Cina: i vini del deserto del Gobi.
Tenacia e dedizione.
La Cina occidentale, alla frontiera della Mongolia, non è assolutamente un luogo per coltivare la vite. Situato a più di 2500 km dal mare, è il territorio più continentale del mondo: in inverno le temperature scendono anche a -20 gradi e i piedi di vite si gelano completamente.
Questi ostacoli però non scoraggiano assolutamente i cinesi: nel 1949, quando Pechino ha annesso il Turkestan, territorio due volte più vasto della Francia, un antico sistema di irrigazione portava l’acqua dalle montagne Tian Shan verso le oasi della strada della Seta. Gli Uiguri coltivavano le vigne da secoli per produrre uva passa.
Pechino ha chiamato questa regione Xinjiang (nuova frontiera), e ha deciso nel 1980 di piantare migliaia di vitigni occidentali (cabernet sauvignon, syrah, merlot, chardonnay, chenin blanc, riesling) insieme ad altre varietà locali (beichun, cibayi). Nell’est della Cina, i terreni sono carissimi e notevolmente inquinati dalle zone industriali, dalle strade e dall’urbanizzazione, quindi non adatti a coltivare la vite.

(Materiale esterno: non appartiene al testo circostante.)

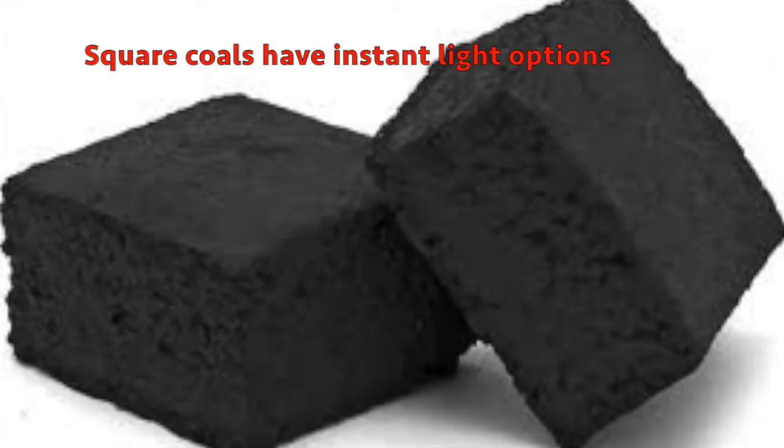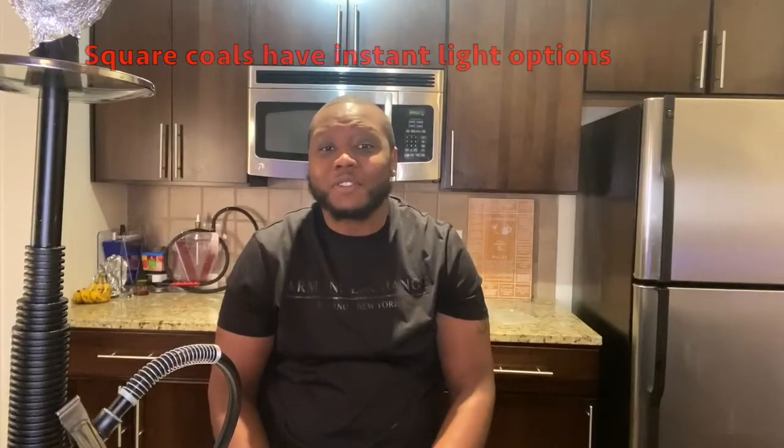There are two types of coals: instant light coals and square coals. There are multiple brands for these two types, and most smoke shops carry them in two different sizes — small and large.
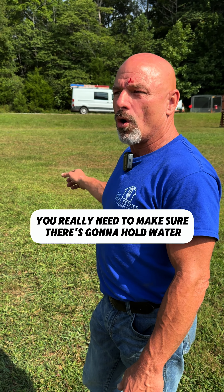And if they tell you it's not gonna hold water, don't think that it's gonna hold water — because it's probably not. People that do that for a living understand it.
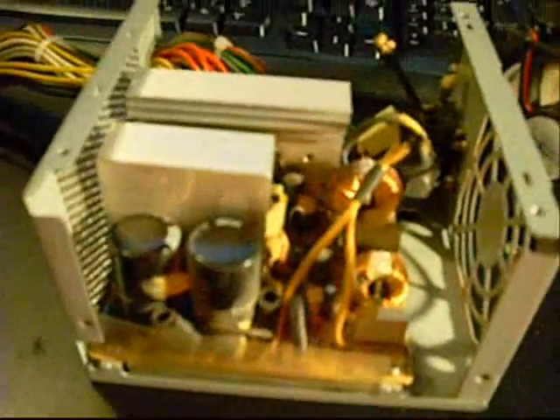Today I'm looking at the power supply that came out of the Gateway GT5012. It was blown. It did have some pretty extensive damage inside of it, so we're not going to try to repair it — we're just going to scrap it out.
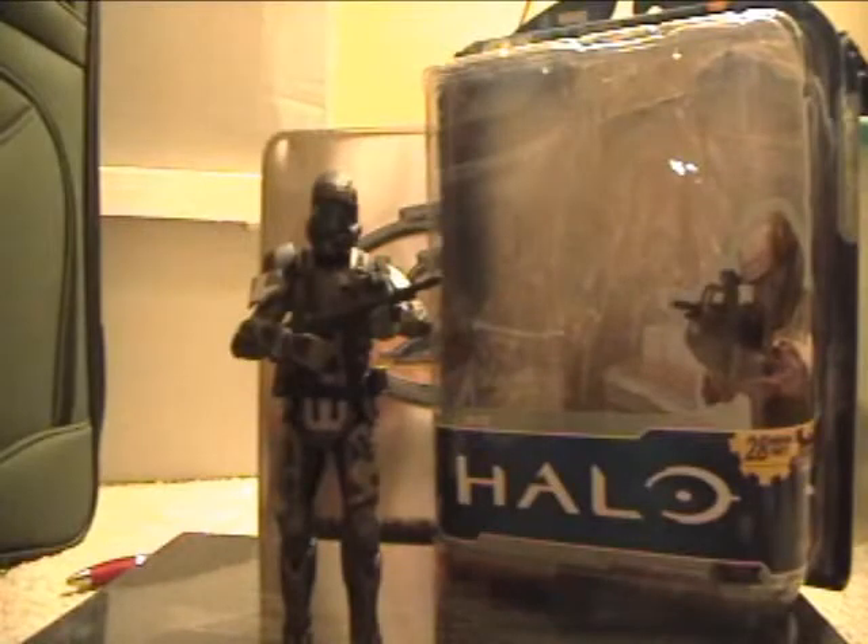Hello YouTubers, Robotskater143 here with a Halo Anniversary ODST Figure Review. This is new by McFarlane.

Per far crescere la vite nel deserto, i fossati tra i filari vengono inondati da sei a dieci volte l’anno. “Qui niente pioggia, quindi niente malattie, niente trattamenti al rame né allo zolfo” afferma Grègory Michel, che dirige la coltura biologica in una parte della tenuta Loulan. Su una superficie simile a quella europea, la tenuta di 90 ettari produce uno strano vitigno locale, il rou ding xiang moscato, vinificato in dolce naturale, molto apprezzato dai giapponesi. Le bottiglie vengono vendute a circa 150 euro l’una.
Come proteggere i piedi delle piante dal gelo? Le sere d’inverno, i coltivatori dello Xinjiang, coprono le serre delle verdure con piumoni molto spessi e, in alcune zone, si avvolgono le viti nelle coperte. Nel deserto del Gobi, appena terminata la vendemmia, a settembre, i contadini potano immediatamente, piegano i ceppi nei solchi e li coprono di terra che li protegge. A fine ottobre si taglia tutto ciò che sporge dalla terra. Su decine di migliaia di ettari rimane solo una distesa di terra disseminata di paletti. In primavera i braccianti arrivano a sterrare i ceppi, a palizzarli di nuovo, e così la vegetazione riparte, sempre sotto la minaccia del gelo tardivo.